- 6.1.1 Compute Node Boot Sequence Interrupted by LSI Bios Battery Error
- 6.1.2 Reboot From Oracle Linux Prompt May Cause Management Node to Hang
- 6.1.3 NM2-36P Sun Datacenter InfiniBand Expansion Switch Firmware Upgrade 2.2.9-3 Requires A Two-Phased Procedure
- 6.1.4 Oracle ZFS Storage Appliance Firmware Upgrade 8.7.20 Requires A Two-Phased Procedure
- 6.1.5 Interruption of iSCSI Connectivity Leads to LUNs Remaining in Standby
- 6.1.6 Emulex Fibre Channel HBAs Discover Maximum 256 LUN Paths
- 6.1.7 Fibre Channel LUN Path Discovery Is Disrupted by Other Oracle VM Operations
- 6.1.8 Poor Oracle VM Performance During Configuration of Fibre Channel LUNs
- 6.1.9 ILOM Firmware Does Not Allow Loopback SSH Access
- 6.1.10 incorrect opcode Messages in the Console Log
- 6.1.11 Megaraid Firmware Crash Dump Is Not Available
- 6.1.12 North-South Traffic Connectivity Fails After Restarting Network
- 6.1.13 Some Services Require an Upgrade of Hardware Management Pack
This section describes hardware-related limitations and workarounds.
When a compute node is powered off for an extended period of time, a week or longer, the LSI BIOS may stop because of a battery error, waiting for the user to press a key in order to continue.
Workaround: Wait for approximately 10 minutes to confirm that the compute node is stuck in boot. Use the Reprovision button in the Oracle Private Cloud Appliance Dashboard to reboot the server and restart the provisioning process.
Bug 16985965
When the reboot command is issued from the Oracle Linux command line on a management node, the operating system could hang during boot. Recovery requires manual intervention through the server ILOM.
Workaround: When the
management node hangs during (re-)boot, log in to the ILOM and
run these two commands in succession: stop -f
/SYS
and start /SYS
. The
management node should reboot normally.
Bug 28871758
Recent InfiniBand switches use a power supply that requires a
newer firmware version. Because some firmware versions may
cause the ILOM shell to hang, Oracle PCA requires that you
install firmware version 2.2.9-3. In this version, the ILOM
issue has been addressed by setting the parameter
polling_retry_number
to a value of 5.
Oracle PCA racks shipped prior to Release 2.3.4 all contain InfiniBand switches with firmware version 2.1.8-1 or older. Because the firmware has changed from unsigned to signed packages, there is no direct upgrade path to version 2.2.9-3. Therefore, an intermediate upgrade to unsigned version 2.2.7-2 is required.
Workaround: Upgrade the firmware of both NM2-36P Sun Datacenter InfiniBand Expansion Switches twice: first to version 2.2.7-2, then to version 2.2.9-3. Both required firmware versions are provided as part of the Oracle PCA Release 2.3.4 controller software. For upgrade instructions, refer to the section Upgrading the NM2-36P Sun Datacenter InfiniBand Expansion Switch Firmware in the Oracle Private Cloud Appliance Administrator's Guide.
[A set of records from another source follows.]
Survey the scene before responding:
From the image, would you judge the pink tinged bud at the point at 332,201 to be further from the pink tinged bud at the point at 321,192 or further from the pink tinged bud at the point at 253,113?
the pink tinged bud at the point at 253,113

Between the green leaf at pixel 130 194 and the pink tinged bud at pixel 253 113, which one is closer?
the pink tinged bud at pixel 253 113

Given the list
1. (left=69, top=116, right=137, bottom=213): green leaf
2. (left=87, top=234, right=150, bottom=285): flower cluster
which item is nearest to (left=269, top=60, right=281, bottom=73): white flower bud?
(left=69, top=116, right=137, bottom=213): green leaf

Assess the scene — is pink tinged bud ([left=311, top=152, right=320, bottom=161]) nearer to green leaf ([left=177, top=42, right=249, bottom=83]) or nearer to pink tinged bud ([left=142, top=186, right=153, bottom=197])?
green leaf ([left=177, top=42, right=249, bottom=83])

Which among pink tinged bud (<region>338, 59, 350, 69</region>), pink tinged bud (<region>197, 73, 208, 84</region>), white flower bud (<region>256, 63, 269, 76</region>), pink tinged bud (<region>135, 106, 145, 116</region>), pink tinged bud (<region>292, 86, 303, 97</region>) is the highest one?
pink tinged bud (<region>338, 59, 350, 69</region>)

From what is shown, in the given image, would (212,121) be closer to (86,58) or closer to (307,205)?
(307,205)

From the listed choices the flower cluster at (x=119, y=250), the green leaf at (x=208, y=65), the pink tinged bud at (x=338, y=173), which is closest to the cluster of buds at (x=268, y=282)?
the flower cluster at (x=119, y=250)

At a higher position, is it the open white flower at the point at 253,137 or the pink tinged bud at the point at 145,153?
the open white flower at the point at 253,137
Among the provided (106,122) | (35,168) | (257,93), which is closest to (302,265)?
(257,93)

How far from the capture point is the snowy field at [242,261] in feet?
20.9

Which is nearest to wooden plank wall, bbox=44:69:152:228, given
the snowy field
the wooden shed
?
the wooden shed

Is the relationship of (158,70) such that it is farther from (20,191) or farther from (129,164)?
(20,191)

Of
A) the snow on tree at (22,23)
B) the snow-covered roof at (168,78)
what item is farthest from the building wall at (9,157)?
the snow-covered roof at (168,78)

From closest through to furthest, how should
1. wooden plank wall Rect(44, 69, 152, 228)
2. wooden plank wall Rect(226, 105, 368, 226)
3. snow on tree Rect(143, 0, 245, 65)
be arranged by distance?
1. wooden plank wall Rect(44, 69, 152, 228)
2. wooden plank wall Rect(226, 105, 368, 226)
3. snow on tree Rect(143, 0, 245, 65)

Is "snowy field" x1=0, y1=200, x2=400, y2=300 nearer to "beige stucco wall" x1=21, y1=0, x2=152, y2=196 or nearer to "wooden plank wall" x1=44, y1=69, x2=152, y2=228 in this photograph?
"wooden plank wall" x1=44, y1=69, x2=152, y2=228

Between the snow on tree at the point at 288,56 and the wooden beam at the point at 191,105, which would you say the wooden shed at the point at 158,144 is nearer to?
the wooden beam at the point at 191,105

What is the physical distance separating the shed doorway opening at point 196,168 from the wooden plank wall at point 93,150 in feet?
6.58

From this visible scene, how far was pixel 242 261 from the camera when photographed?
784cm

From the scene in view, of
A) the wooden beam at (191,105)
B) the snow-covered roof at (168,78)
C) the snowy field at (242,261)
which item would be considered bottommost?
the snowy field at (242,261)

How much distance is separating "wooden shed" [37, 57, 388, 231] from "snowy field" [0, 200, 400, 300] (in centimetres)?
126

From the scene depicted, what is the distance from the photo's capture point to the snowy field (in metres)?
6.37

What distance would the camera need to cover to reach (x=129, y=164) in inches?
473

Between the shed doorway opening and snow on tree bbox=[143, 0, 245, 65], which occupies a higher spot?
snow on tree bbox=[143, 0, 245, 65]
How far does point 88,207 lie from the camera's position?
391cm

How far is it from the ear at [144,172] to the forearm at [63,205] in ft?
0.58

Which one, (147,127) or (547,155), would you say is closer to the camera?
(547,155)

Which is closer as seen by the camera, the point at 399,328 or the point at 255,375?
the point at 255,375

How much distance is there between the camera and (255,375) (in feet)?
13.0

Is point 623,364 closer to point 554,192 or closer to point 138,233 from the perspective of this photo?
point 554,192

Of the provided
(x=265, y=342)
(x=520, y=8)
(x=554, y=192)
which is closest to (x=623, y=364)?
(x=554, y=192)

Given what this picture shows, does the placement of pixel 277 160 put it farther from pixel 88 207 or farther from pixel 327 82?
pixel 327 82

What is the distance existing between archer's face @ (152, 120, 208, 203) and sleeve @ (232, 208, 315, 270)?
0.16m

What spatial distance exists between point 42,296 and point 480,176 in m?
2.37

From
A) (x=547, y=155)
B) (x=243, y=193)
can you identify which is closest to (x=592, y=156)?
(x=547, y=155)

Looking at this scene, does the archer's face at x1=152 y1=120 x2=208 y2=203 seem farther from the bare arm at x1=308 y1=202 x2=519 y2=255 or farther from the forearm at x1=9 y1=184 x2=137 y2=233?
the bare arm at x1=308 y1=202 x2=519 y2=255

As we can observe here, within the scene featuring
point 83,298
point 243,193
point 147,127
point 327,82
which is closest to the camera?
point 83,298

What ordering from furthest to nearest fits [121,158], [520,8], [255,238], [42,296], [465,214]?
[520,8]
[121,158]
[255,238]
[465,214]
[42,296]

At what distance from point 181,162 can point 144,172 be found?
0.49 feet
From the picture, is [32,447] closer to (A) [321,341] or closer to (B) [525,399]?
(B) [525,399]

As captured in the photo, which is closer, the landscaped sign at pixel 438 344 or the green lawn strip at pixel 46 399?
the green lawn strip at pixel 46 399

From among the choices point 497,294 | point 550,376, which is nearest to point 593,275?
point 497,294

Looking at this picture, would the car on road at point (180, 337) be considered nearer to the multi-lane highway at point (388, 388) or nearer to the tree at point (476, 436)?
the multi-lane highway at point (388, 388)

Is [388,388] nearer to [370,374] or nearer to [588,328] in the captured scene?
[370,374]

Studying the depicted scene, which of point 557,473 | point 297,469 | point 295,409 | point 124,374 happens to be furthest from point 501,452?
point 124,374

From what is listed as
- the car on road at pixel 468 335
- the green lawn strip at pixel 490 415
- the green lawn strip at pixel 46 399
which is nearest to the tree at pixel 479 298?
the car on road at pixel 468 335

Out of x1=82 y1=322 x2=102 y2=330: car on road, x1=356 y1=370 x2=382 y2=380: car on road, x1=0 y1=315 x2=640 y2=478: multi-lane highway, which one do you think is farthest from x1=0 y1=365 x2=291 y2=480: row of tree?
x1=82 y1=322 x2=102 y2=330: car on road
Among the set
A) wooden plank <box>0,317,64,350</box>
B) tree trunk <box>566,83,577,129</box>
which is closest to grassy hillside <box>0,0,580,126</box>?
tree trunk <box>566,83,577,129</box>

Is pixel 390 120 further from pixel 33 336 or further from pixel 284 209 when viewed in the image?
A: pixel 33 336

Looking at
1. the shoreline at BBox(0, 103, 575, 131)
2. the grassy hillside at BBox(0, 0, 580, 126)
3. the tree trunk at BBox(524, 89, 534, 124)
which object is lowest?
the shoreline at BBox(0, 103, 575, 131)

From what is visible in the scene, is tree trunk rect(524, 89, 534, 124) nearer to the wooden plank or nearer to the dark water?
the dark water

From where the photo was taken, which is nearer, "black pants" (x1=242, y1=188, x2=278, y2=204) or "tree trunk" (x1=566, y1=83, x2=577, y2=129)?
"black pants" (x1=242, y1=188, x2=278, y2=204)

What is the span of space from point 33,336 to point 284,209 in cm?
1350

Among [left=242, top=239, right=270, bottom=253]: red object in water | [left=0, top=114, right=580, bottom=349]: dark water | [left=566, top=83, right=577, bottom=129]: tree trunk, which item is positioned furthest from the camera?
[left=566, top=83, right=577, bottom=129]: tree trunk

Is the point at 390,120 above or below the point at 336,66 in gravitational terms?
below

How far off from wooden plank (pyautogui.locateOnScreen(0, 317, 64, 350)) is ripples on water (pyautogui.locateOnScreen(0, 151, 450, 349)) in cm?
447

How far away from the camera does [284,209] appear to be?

Firmware version 2.2.7-2 is delivered as part of the 2.2.7-1 package. Instructions are in included in the readme file inside the 2.2.7-1 directory.
Bugs 27724015 and 27275899
Oracle PCA racks shipped prior to Release 2.3.4 have all been factory-installed with an older version of the Operating Software (AK-NAS) on the controllers of the ZFS Storage Appliance. A new version has been qualified for use with Oracle PCA Release 2.3.4, but a direct upgrade is not possible. An intermediate upgrade to version 8.7.14 is required.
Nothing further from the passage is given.